OK, I built my own rig 3 years ago. I have a decent graphics card, nice Gigabyte MB a 955 Blk Ed. AMD CPU, 2 HDDs and 4GB of gaming RAM. 
Thing is, would I see much if any increase in speed if I bought two new sticks of RAM totaling 8GB? 
I do some gaming still but not nearly as much as before. Im doing a lot of business related things on my PC as of late. Internet, Spreadsheets, some light graphics creation. Adobe Photoshop.

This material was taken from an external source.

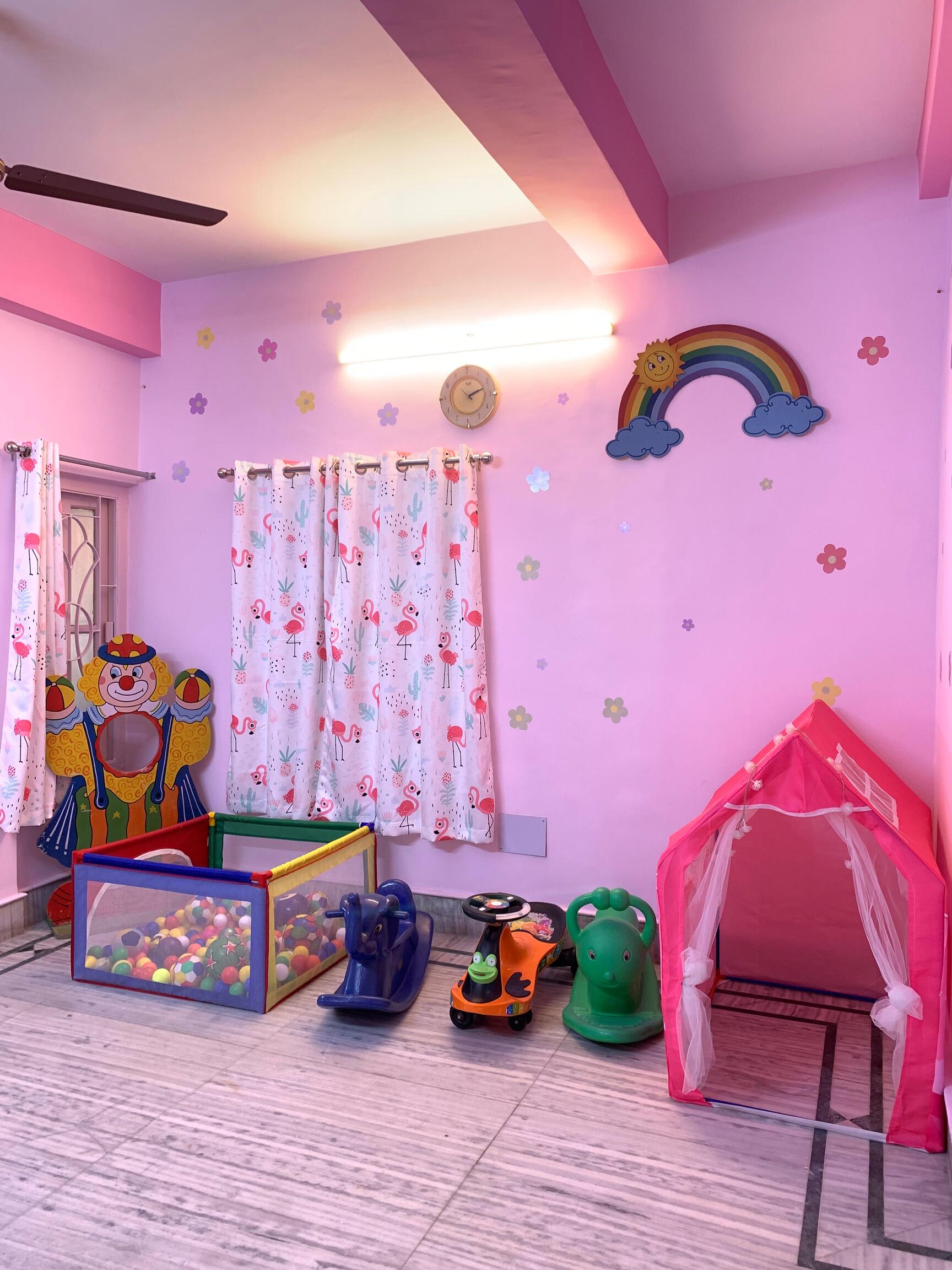 Little Einsteins Preschool and Daycare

AM I looking at any increase? Or is it just for intense gaming? 
If I invest in a SSD and put Win7 on it would THAT be more effective?


----------



## smuglar (Mar 12, 2012)

*Re: 4GB of RAM vs 8GB*

- Check you motherboard specs. They normally have a limit of the amount pf RAM.
- Compare that with the processor speeds, there would be no need to get large RAM with slow pc.
- Check you available paging size i.e: your VRAM. The more your V-RAM the faster your PC. If its small it will affect the way the PC runs.


----------



## dai (Jul 2, 2004)

*Re: 4GB of RAM vs 8GB*

you will need to be running win64x for more than 4g


----------



## The Noodle (Mar 17, 2012)

*Re: 4GB of RAM vs 8GB*



smuglar said:


> - Check you motherboard specs. They normally have a limit of the amount pf RAM.
> - Compare that with the processor speeds, there would be no need to get large RAM with slow pc.
> - Check you available paging size i.e: your VRAM. The more your V-RAM the faster your PC. If its small it will affect the way the PC runs.


--My MB is capable of 32GB
-- I have a quad core 3.0 AMD so no problems with CPU
-- No idea on how to change my VRAM but the card has 1GB GDDR5
-- I have Windows 7 64bit

OK so will getting another 4GB of memory make a difference!?


----------



## Tyree (May 10, 2009)

*Re: 4GB of RAM vs 8GB*

I seriously doubt you are utilizing the 4GB of RAM you have. Few games or apps can utilize over 3GB.
Mixing RAM brands/specs commonly results in problems. If you just want to have 8GB of RAM, it is best to purchase a matched pair of 2x4GB and remove the old RAM to avoid any problems.


----------



## LMiller7 (Jun 21, 2010)

*Re: 4GB of RAM vs 8GB*

Adding RAM will usually improve performance. However, there is always going to be a point of diminishing returns after which there is very little gain. That point is heavily dependent on your workload. With most workloads you will have already reached that point with 4 GB RAM.


----------



## The Noodle (Mar 17, 2012)

*Re: 4GB of RAM vs 8GB*

So essentially youre saying dont bother with the 8GB?


----------



## dai (Jul 2, 2004)

*Re: 4GB of RAM vs 8GB*

correct


----------



## 2tts (Dec 3, 2010)

*Re: 4GB of RAM vs 8GB*

I got 10GB but when gaming only about 25% is used according to resmon


----------